Brookes has run a tight ship but his predicament is tricky because, if he runs it any tighter, he risks putting a further squeeze on sales.
Flat isn’t growth
David Jones, also beset by the incursion of online shopping, has suffered similar torpor in sales and profits. And like Myer, its earnings decline has stabilised over the past year.
But stable earnings and flat sales growth are hardly an attractive investment option. There is little margin in sales and little margin for management error.
“Myer remains fully committed to continuing to progress our well-established five-point plan with a number of new initiatives to drive sales and profitability while continuing to invest in the growth areas of the business,” said Myer’s ASX release.
“As we move into FY2015 we expect to benefit from a number of strategic initiatives including new stores, major refurbishments, growth in exclusive brands and the online business. Myer remains Australia’s largest full-line department store business, and will continue to be a robust competitor.
Mixing it up
For consumers, the South African takeover should entail some change to the product mix and retailing strategy though it is too early to tell what will change, and to what extent.
The chief executive of the South African retailer, Ian Moir, has a deep knowledge of the Australian market having been CEO of Country Road, the upmarket clothing and homewares group in which Woolworths Holdings commands an 88 per cent stake.
Moir was appointed a director of Country Road in October 1998, and served as chief operating officer before assuming the top job in November 2000.
His strategy is likely to affect Myer. The department stores both operate in the same shopping complexes and if DJs goes upmarket or expands its food offerings for example (Woolworths SA is big in food) it will beg a competitive response from Myer.
The Woolworths SA bid values DJs at $2.15 billion. Its own market capitalisation is $5.5 billion and its annual revenues are $4 billion, compared with DJs revenues at $1.8 billion.
The two parties are said to have been in talks since March, following the change in the chairmanship at David Jones.
For DJs chief executive Paul Zahra, who is expected to stay running the business, the takeover is vindication.

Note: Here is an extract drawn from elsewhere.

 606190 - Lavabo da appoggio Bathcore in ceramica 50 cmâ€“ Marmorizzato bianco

Zahra had faced opposition on the DJs board and, without the support of previous chairman Peter Mason, his position was increasingly tenuous until the imbroglio over directors’ trading earlier this year.

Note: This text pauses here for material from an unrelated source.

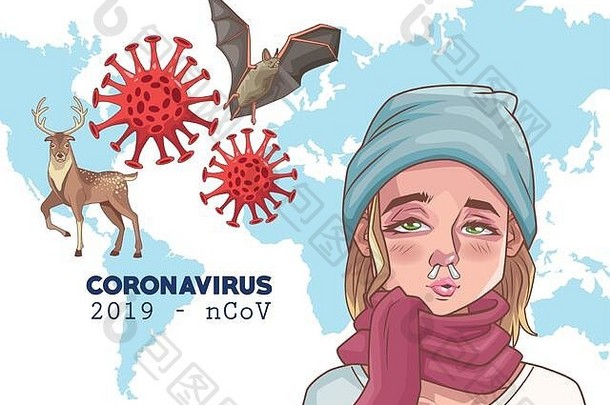 冠状病毒信息图表生病的女人动物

When two David Jones directors were found to have been buying DJs shares – with Mason’s permission – before a positive sales announcement to the market and before news of the Myer merger approach became public, the board came under pressure and Paul Zahra’s leadership was subsequently cemented.
David Jones and Myer had been in discussions over a $3 billion proposed merger. The deal was made public in late January, since then David Jones shares have jumped more than 10 per cent, while Myer shares have risen close to 10 per cent.
Paying a premium
Myer approached David Jones with a merger offer of 1.06 of its shares for each David Jones share, but the bid was rejected because DJs did not believe it represented sufficient value and had no premium.

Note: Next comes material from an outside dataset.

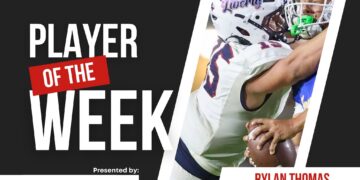 Banner announcing 'Player of the Week' for Press Pass Sports, featuring football players and sponsor logos (First United Bank, Liberty High School).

The South African bid, although shy of the 30 per cent rule-of-thumb takeover premium for the average value of the target shares over the past three months (it is pitched at a 25.4 per cent premium to the closing price of David Jones shares on April 8), represents a 39.4 per cent premium to the price of David Jones shares on January 30, which is the last closing price prior to the Myer proposal becoming public.
The earnings multiple is 20.8-times the reported FY13 earnings per share of 19.2c per and 23.8 times the estimated FY14 EPS of 16.8c based on consensus broker estimates.
These PEs of almost 21 and 24 are pretty solid considering the hitherto unimpressive prospects for earnings growth.
Interestingly, Goldman Sachs increased its stake in David Jones just two weeks ago, from 8.15 per cent to 9.17 per cent.
Rothschild is advising Woolworths SA and David Jones is being advised by Gresham Partners and Macquarie Capital.